C’est une époque privilégiée où le monarque danseur et mélomane recherche l’essor des arts et de la musique pour asseoir son pouvoir. Alors qu’il n’existe pas encore d’opéra français pour chanter la gloire du Roi, Lully sait assimiler tous les ferments de l’art français (danse et airs de cour) pour façonner peu à peu la musique que souhaite Louis XIV.
Dès le début du film, Lully fait figure d’impatient, d’irascible, d’homme pressé qui sait son heure comptée… C’est un incommode, ambitieux, omnipotent: le Surintendant a des allures et des postures de monarque…
Le réalisateur a imaginé la séance de pose où le premier musicien de La Chambre (1653), devenu Surintendant de la musique royale en 1661, quand Louis XIV prend le pouvoir, est le modèle de son portrait par Mignard.

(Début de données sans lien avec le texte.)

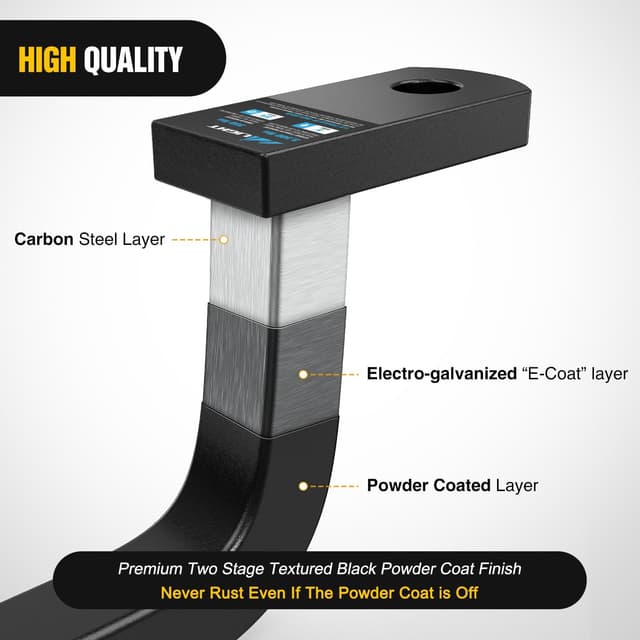 Detalle de Nilight Trailer Hitch Ball Mount with 1/2" Hitch Pin Clip (Fits 1-1/4" Receiver) – 5" Rise, Class 2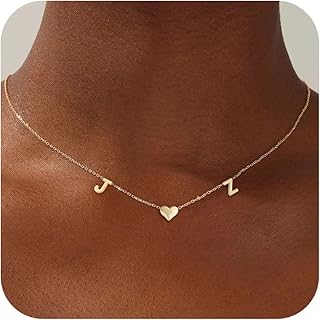 ZNBOH Gold Heart Initial Necklaces for Women 14K Gold Plated Dainty Heart A-Z Letter Pendant Necklace Cute Personalized Initial Letter Name Necklace Gold Jewelry Birthday Gifts for Women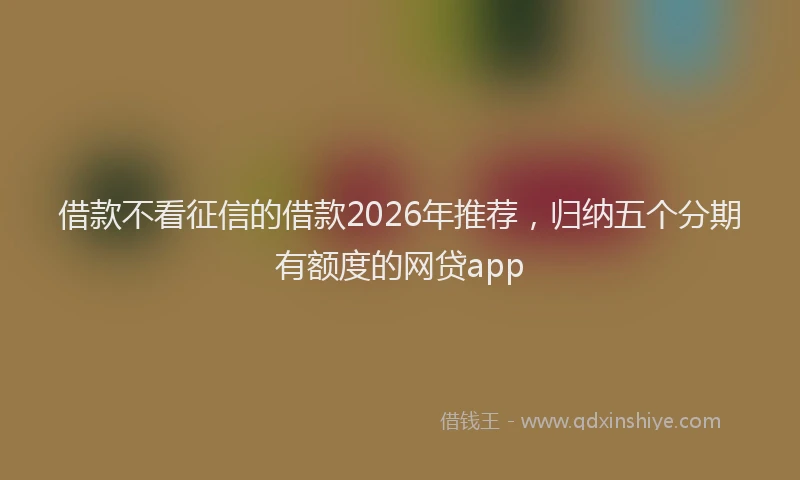 借款不看征信的借款2026年推荐，归纳五个分期有额度的网贷app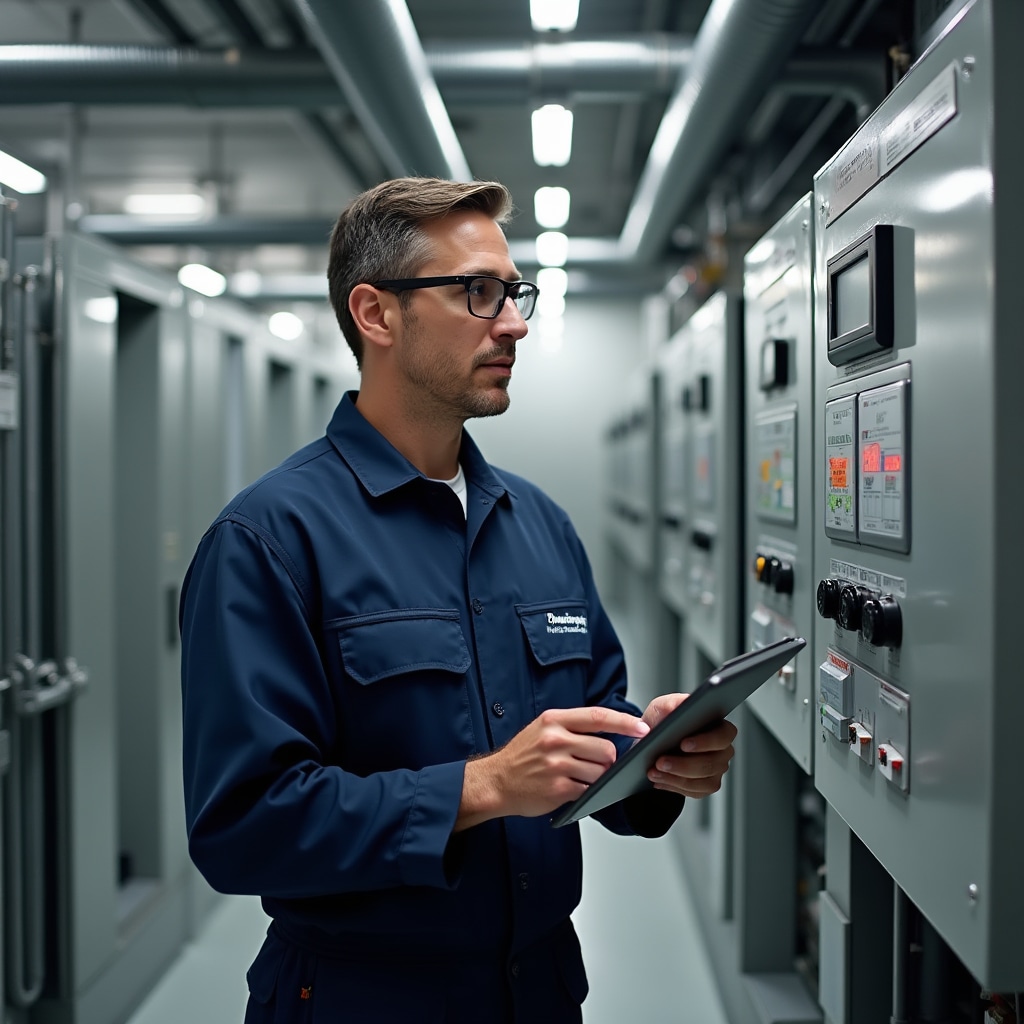 Trabajador de mantenimiento de edificio inspeccionando sistemas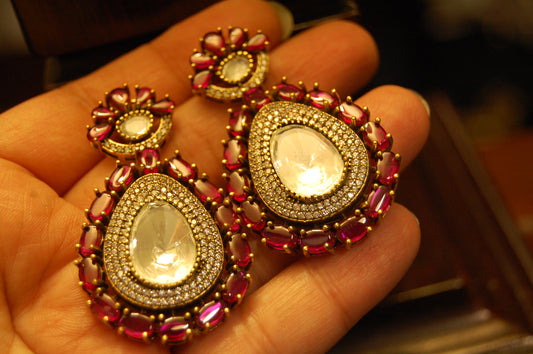 RED  POLKI KUNDAN EARRINGS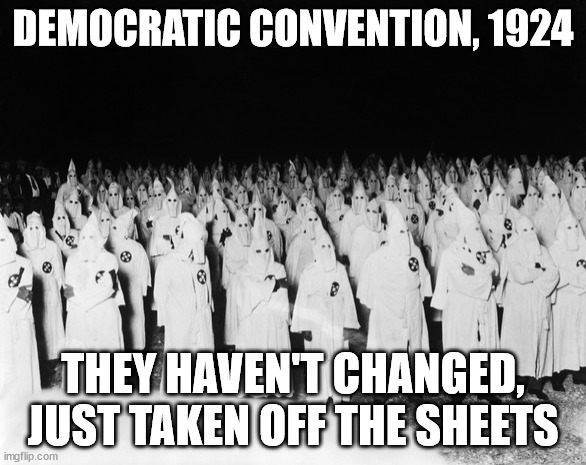 DEMOCRATIC CONVENTION, 1924; THEY HAVEN'T CHANGED, JUST TAKEN OFF THE SHEETS | made w/ Imgflip meme maker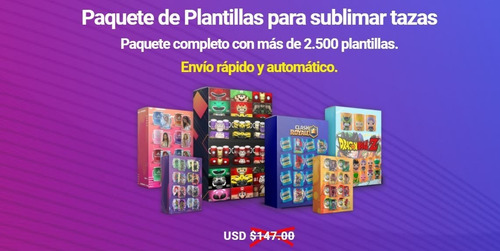 Paquete De Plantillas Para Impresión Tazas, Polos 25gb 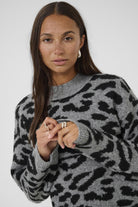 Kaffe Sandra Jumper - Light Grey Melange/Black Leopard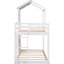 Lit simple au-dessus d'un lit superposé blanc avec base fiable - Toit en bois, fenêtre, garde-corps, construction en bois de pin (blanc-1422583941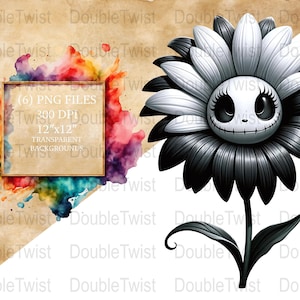 Gothic Sunflower Clipart: Spooky Halloween Floral PNG (Digital Download) image 1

La partie dédiée à la reconstruction des instruments pour Les 24 Violons du Roi est particulièrement intéressante: le projet s’est réalisé en 2008. Il ambitionne de restituer la sonorité de l’orchestre de Lully à Versailles, les fameux 24 Violons du Roi, premier orchestre permanent de l’Histoire, et qui à la façon du Philharmonique de Berlin aujourd’hui, fut le modèle pour l’Europe baroque, jusqu’en 1720. Il est constitué des 5 parties emblématiques de l’esthétique musicale française: dessus de violon et basses de violon aux extrémités du spectre, et surtout, les 3 parties intermédiaires qui ont été ainsi rétablies grâce à l’intervention des luthiers Giovanna Chitto’ et Antoine Laulhère: haute-contres de violons, tailles de violon, quintes de violons, chacune de ces 3 parties, restituée par deux.
Il en résulte un son plus riche, plus opulent, celui que souhaitait Lully pour l’orchestre de Versailles.
La biographie racontée permet aussi de rétablir certains faits historiques comme le soutien de Lully auprès d’autres musiciens de son temps. Il ne fut pas ce fou angoissé de pouvoir, totalement soucieux d’imposer son exclusive: il a su aussi favoriser le talent de composition des musiciens de son temps, comme Marin Marais, génie de la viole, qu’il emploie dans son « atelier » afin d’écrire justement les parties intermédiaires de ses ouvrages…
Documentaire capital pour notre connaissance du musicien, de surcroît très bien réalisé (dans le château de Versailles). De sorte que lorsque le compositeur gravit les marches du palais pour se rendre à la séance de pose, il semble qu’il est le seigneur en son domaine. N’a-t-il pas, -il est vrai-, et à sa mesure, participé à la grandeur de Versailles?
Lully, l’incommode. Documentaire inédit. Réalisation : Olivier Simonnet. 1h30mn, 2008. Arte, lundi 28 décembre 2009 à 23h. Rediffusion, le 3 janvier 2010 à 9h45.